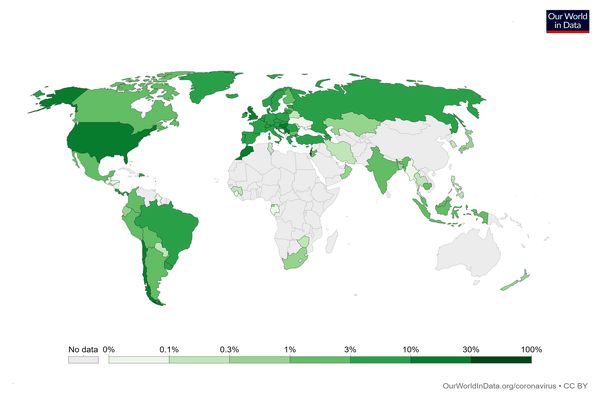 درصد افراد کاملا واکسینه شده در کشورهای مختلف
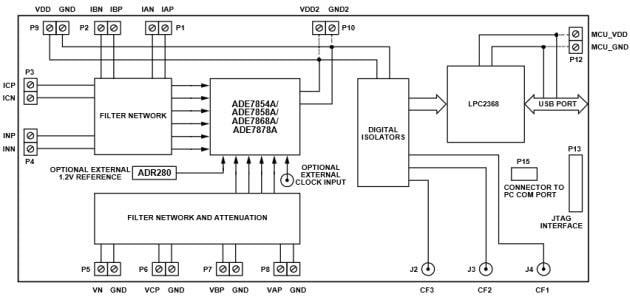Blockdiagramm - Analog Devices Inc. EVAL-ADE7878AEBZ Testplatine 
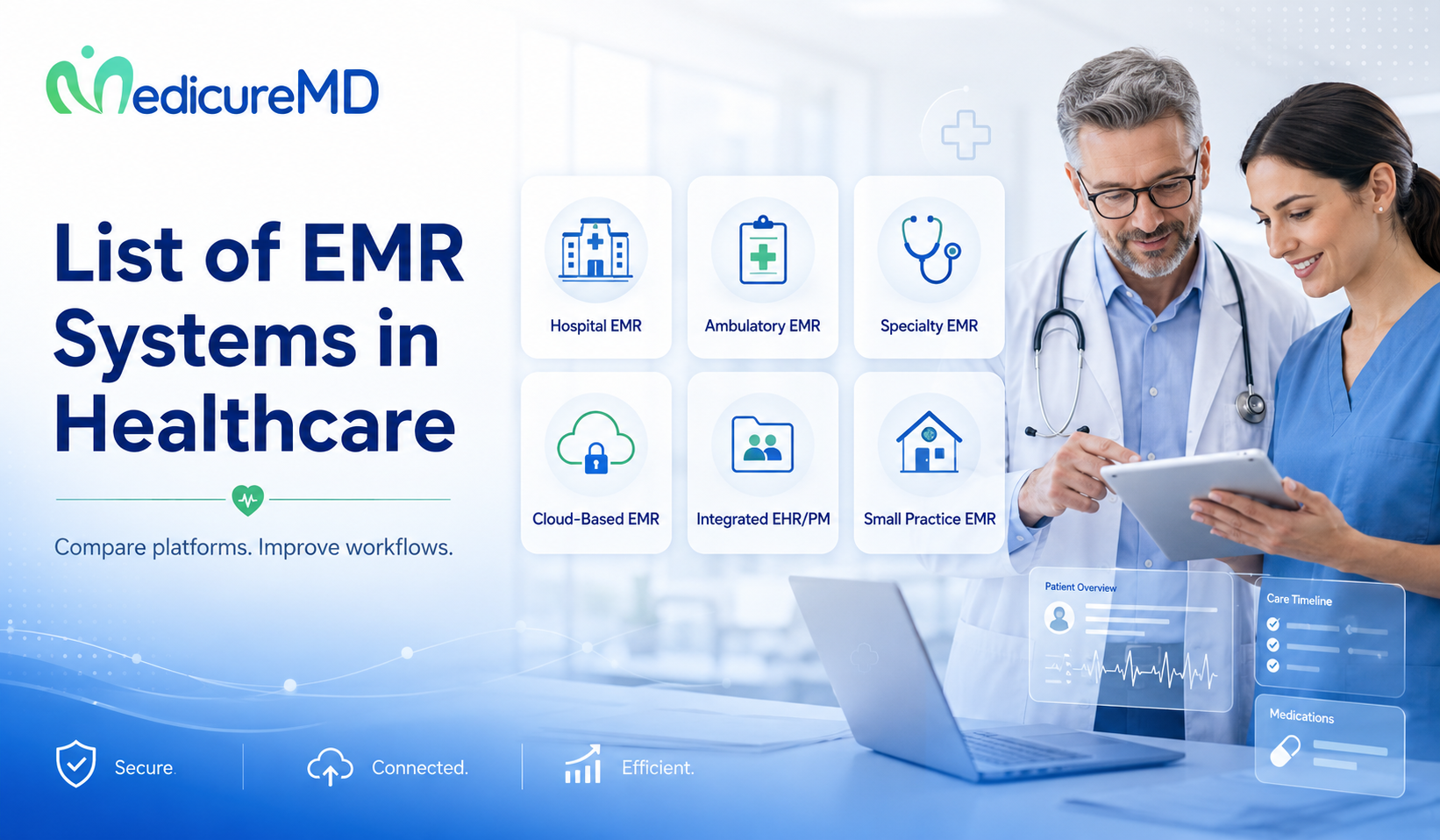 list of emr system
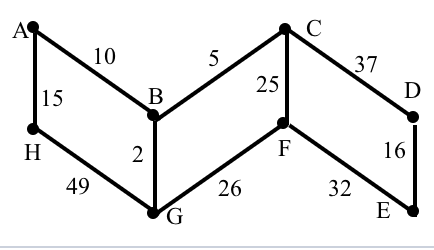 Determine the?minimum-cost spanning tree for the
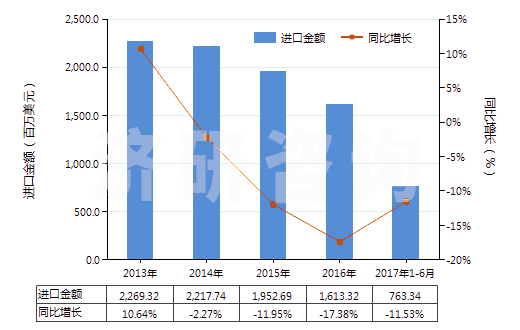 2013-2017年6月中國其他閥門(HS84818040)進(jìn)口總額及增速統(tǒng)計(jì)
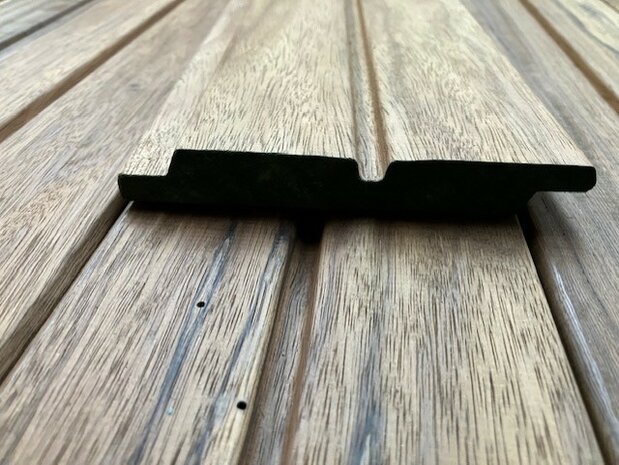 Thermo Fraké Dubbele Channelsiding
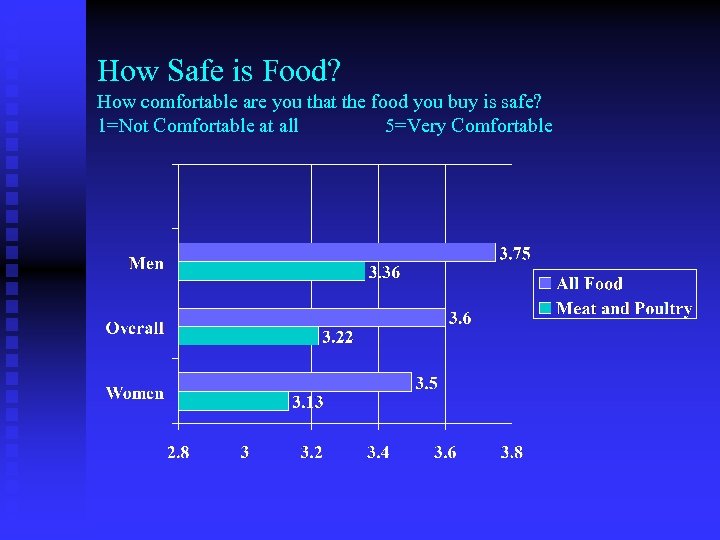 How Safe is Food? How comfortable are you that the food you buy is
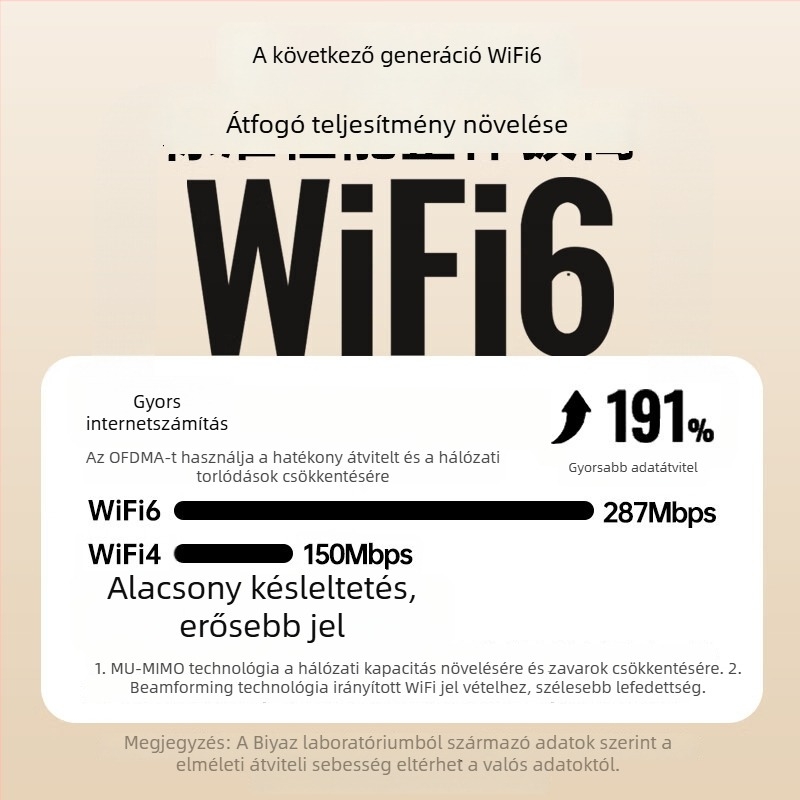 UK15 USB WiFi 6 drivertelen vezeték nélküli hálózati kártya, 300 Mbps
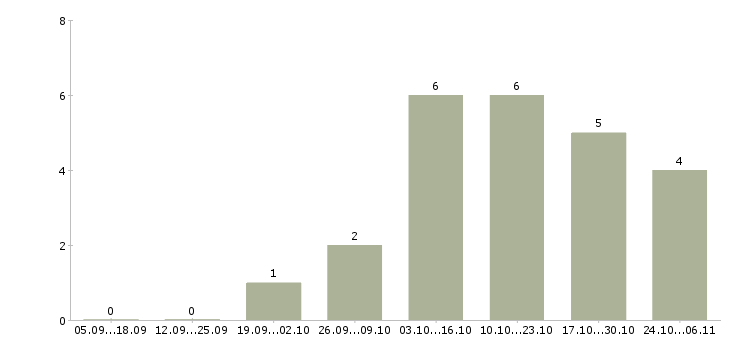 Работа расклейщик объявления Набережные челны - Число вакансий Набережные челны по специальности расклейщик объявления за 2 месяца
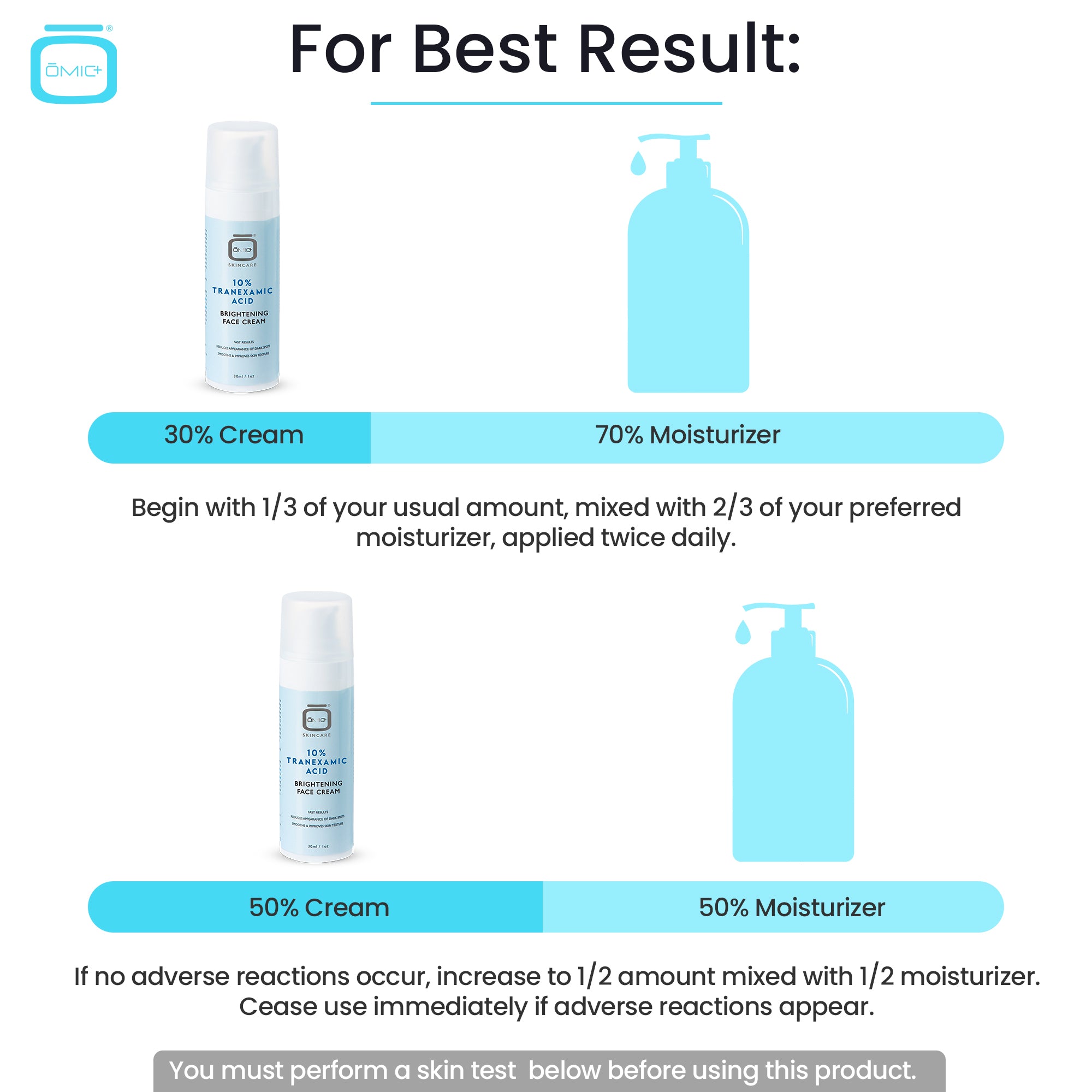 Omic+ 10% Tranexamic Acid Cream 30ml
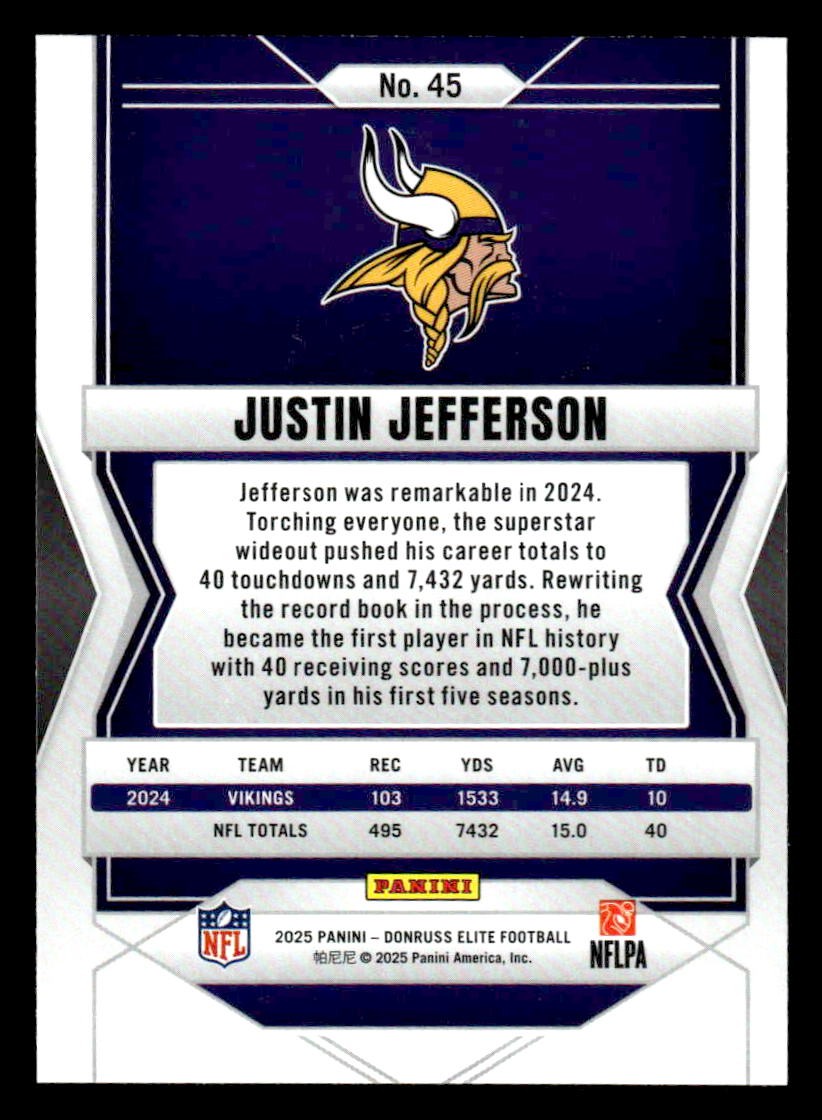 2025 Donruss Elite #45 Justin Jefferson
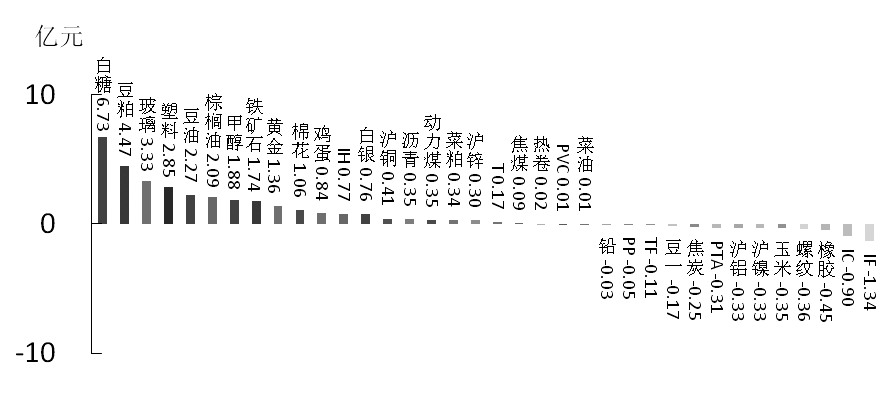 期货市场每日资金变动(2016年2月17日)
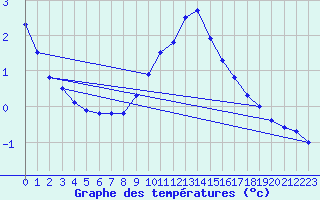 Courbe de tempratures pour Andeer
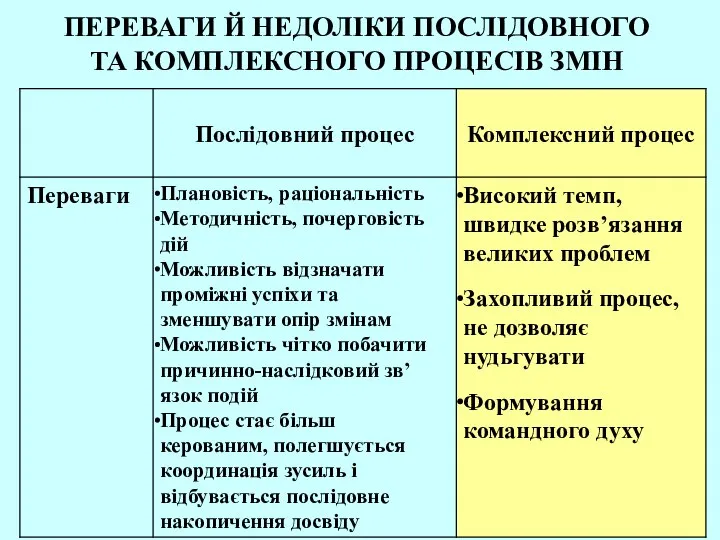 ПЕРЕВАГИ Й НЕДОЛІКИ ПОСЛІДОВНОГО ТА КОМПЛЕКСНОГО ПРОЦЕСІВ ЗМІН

▶ **WORK REQUIRED**: Excluding the pictures, restate word for word the lines from the one that holds "Courbe de tempratures pour Andeer" through the last line of the entries, both ends included.

▶ **EXERCISE RESULT**:
 Courbe de tempratures pour Andeer
 ПЕРЕВАГИ Й НЕДОЛІКИ ПОСЛІДОВНОГО ТА КОМПЛЕКСНОГО ПРОЦЕСІВ ЗМІН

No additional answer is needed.